Clarify behavior of __arrow_c_stream__ execution, emphasizing incremental batch processing and memory efficiency

kosiew · kosiew · commit 0ff4c0de3222 · 2025-09-13T17:56:01.000+08:00
diff --git a/docs/source/user-guide/io/arrow.rst b/docs/source/user-guide/io/arrow.rst
@@ -60,10 +60,16 @@ Exporting from DataFusion
 DataFusion DataFrames implement ``__arrow_c_stream__`` PyCapsule interface, so any
 Python library that accepts these can import a DataFusion DataFrame directly.
 
-.. warning::
-    It is important to note that this will cause the DataFrame execution to happen, which may be
-    a time consuming task.
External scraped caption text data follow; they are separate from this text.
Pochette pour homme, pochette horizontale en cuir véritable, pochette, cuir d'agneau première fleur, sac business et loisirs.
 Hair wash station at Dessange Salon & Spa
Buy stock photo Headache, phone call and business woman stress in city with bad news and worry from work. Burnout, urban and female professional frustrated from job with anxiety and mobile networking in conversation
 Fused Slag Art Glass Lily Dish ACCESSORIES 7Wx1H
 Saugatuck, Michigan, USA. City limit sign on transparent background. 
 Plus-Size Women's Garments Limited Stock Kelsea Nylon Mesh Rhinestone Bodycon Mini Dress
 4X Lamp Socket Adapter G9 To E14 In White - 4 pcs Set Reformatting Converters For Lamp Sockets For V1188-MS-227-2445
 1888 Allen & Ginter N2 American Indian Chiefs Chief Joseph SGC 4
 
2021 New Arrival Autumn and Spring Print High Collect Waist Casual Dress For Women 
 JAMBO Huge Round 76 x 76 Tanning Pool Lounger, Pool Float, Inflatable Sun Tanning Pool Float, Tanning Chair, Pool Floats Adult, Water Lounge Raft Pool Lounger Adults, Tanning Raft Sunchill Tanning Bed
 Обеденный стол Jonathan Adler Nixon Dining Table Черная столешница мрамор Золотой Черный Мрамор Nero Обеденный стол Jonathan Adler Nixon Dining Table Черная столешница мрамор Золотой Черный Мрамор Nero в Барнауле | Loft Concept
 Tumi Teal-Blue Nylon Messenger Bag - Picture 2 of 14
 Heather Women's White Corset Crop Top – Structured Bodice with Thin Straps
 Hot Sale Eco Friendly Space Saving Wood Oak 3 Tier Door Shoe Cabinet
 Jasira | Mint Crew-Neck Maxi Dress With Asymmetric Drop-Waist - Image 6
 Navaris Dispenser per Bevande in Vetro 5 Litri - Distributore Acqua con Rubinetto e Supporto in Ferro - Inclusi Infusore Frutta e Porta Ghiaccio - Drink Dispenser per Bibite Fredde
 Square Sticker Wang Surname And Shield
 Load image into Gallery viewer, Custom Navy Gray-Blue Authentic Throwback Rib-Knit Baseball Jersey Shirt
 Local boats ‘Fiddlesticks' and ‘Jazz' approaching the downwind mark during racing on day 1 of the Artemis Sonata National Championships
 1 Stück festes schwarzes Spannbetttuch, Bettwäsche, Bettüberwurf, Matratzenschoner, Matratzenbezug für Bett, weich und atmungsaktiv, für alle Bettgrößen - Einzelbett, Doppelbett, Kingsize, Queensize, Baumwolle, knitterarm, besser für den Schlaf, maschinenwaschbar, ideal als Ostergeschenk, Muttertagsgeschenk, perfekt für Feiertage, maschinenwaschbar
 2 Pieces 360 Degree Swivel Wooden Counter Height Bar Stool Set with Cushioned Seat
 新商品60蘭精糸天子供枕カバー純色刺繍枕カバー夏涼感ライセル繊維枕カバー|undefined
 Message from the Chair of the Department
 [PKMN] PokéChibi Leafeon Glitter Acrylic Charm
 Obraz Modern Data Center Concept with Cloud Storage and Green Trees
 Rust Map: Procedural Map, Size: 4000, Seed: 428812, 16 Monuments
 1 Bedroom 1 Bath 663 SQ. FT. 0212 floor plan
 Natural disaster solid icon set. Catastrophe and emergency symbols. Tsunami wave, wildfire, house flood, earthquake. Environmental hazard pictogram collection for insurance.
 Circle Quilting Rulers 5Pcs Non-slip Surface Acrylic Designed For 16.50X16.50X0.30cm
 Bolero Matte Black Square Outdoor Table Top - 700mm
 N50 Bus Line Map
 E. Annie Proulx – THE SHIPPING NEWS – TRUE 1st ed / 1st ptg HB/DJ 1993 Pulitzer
That is, you will cause a
-    :py:func:`datafusion.dataframe.DataFrame.collect` operation call to occur.
+.. note::
+    Invoking ``__arrow_c_stream__`` still triggers execution of the underlying
+    query, but batches are yielded incrementally rather than materialized all at
+    once in memory. Consumers can process the stream as it arrives, avoiding the
+    memory overhead of a full
+    :py:func:`datafusion.dataframe.DataFrame.collect`.
+
+    For an example of this streamed execution and its memory safety, see the
+    ``test_arrow_c_stream_large_dataset`` unit test in
+    :mod:`python.tests.test_io`.
 
 
 .. ipython:: python